Before Nov. 8 we thought we were peering into the abyss, but on Tuesday “we fell into the abyss,” said journalist Moustafa Bayoumi Wednesday afternoon at the University of Minnesota Provost’s conversation in Coffman Memorial Union.

“The election was a catastrophe of global and epic proportions, especially for foreign policy,” said Bayoumi, who has served on the American Studies Association's National Council and currently teaches English at Brooklyn College.

Trump-land “is not the country I want to live in.  I want a pluralistic society that demands cooperation,” he added.  There’s a lot to deplore out there including Steve Bannon and Frank Gaffney but maybe we can agree to support the Native Americans in their fight against the Keystone Pipeline and Ms. Levy-Pounds for Minneapolis mayor.  Also, the Minnesota Interfaith Alliance on Gun Safety is worth our efforts. 

Bayoumi is a journalist whose work has appeared in The Nation, The London Review of Books, and The Village Voice, Moustafa Bayoumi has served on the American Studies Association's National Council and currently teaches English at Brooklyn College. In eye-opening lectures based on his award-winning book “How Does It Feel to Be a Problem?”, he highlights challenges facing young Arab- and Muslim-Americans today.

Monday, November 14, 2016

Carnival of Souls and Spellbound

There are a few times in my life when I feel like the church organist in “Carnival of Souls” being chased by zombies and now is one of them.  Other incidents in my life when I was a bit paranoid were the three years I worked for the Grain Exchange and the four years I lived in Boise.
Sad to say, the church organist couldn’t escape the zombies.  They done her in.  So when a friend called last night to suggest I watch someone from the Trump group on “60 Minutes” I said “no.”  I’ll catch that act at the State Fair Midway’s freak show in August.
Mrs. Trump looks and talks like Ingrid Pitt in the Hammer gothic horror “The Vampire’s Daughter.”  Let me know when apocalypse arrives or is it here?

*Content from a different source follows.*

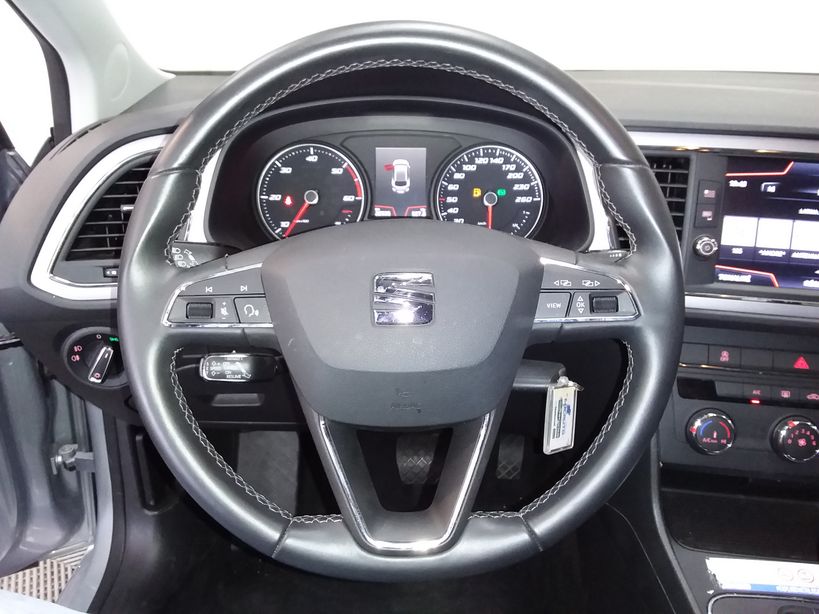 SEAT LEON ST 2019 - Photo n°13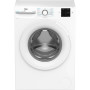 Пральна машина Beko BM1WFSU37233WW Пральна машина Beko BM1WFSU37233WW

To understand what University of Minnesota art professor David Feinberg is doing with the Voice to Vision project you need to see Hitchcock’s forties thriller “Spellbound.”  Focus on the Salvador Dali hallucination where the Gregory Peck character sees art that shows the nightmare he represses from a childhood accident.
V to V particpants use art to form a collage that helps define the terrors they experienced in the Holocaust or similar homeland depravity they escaped.

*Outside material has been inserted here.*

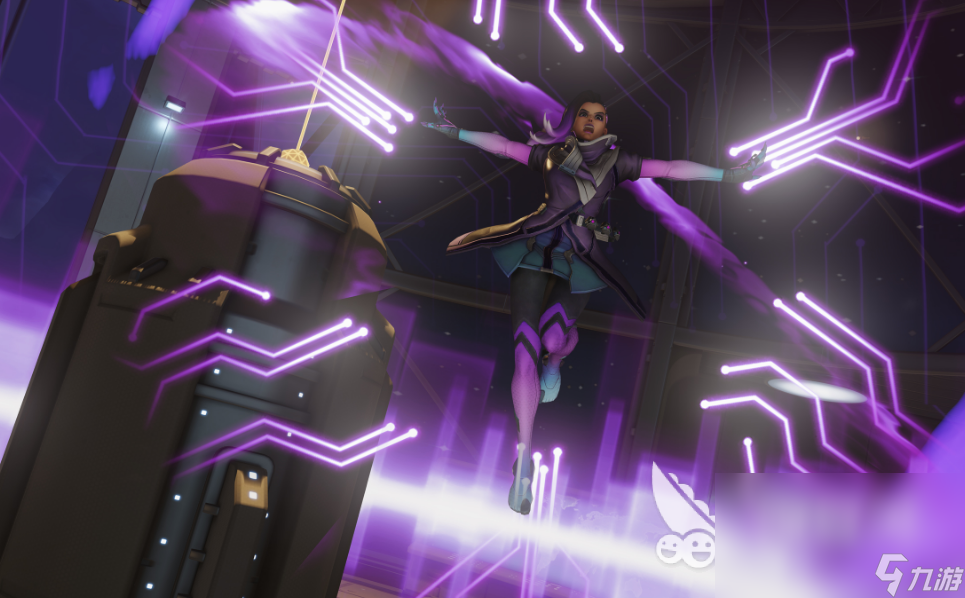 守望先锋手游韩服安卓版(守望先锋 韩服)-第2张图片-QuickQ官网 守望先锋手游韩服安卓版(守望先锋 韩服)-第2张图片-QuickQ官网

Feinberg spoke Friday night at a meeting of Or Emet Jewish Humanist Congregation at the St. Louis Park JCC. 

Monday, November 07, 2016


Before Trump, America’s most notorious died blond was villain wrestler Gorgeous George who was resplendent in a pink fuzzy robe entering the ring before gouging the eyes of his opponent.  I traveled down that rode lat night via YouTube and watched the Gorgeous one strut his stuff in the Chicago Inernational Arena.  In the Zarkin household, we gathered around the Arvin with our TV dinners to see this permanent wave get mussed up.

Saturday night was eagerly anticipated with KHQ/NBC showing kinescopes of Your Hit Parade.  The episode from 1956 featured Dorothy Collins singing “The Wayward Wind” on a train.  YHP did pantomimes to illustrate the hit songs, but they were annoying.  Collins number would have worked better if she was hanging onto a tree in a Florida hurricane.  The number one hit was the theme from “Picnic” that week and that was handled by the dancers.  Other singers on the show were Snooky Lansen, Gisele McKenzie and Russell Arms.  Raymond Scott led the orchestra.


Continuing in the retro mode, last night I watched the 1950 Studio One “Wuthering Heights” with Charles Heston and others eating up the scenery.  I continue in the Heston vintage performances today with “Ben Hur” at the Heights Theater.  Studio One Westinghouse spokesperson Betty Furness was pushing a B&W TV that could be converted to color with an adapter in 1950.  Seems suspicious to me.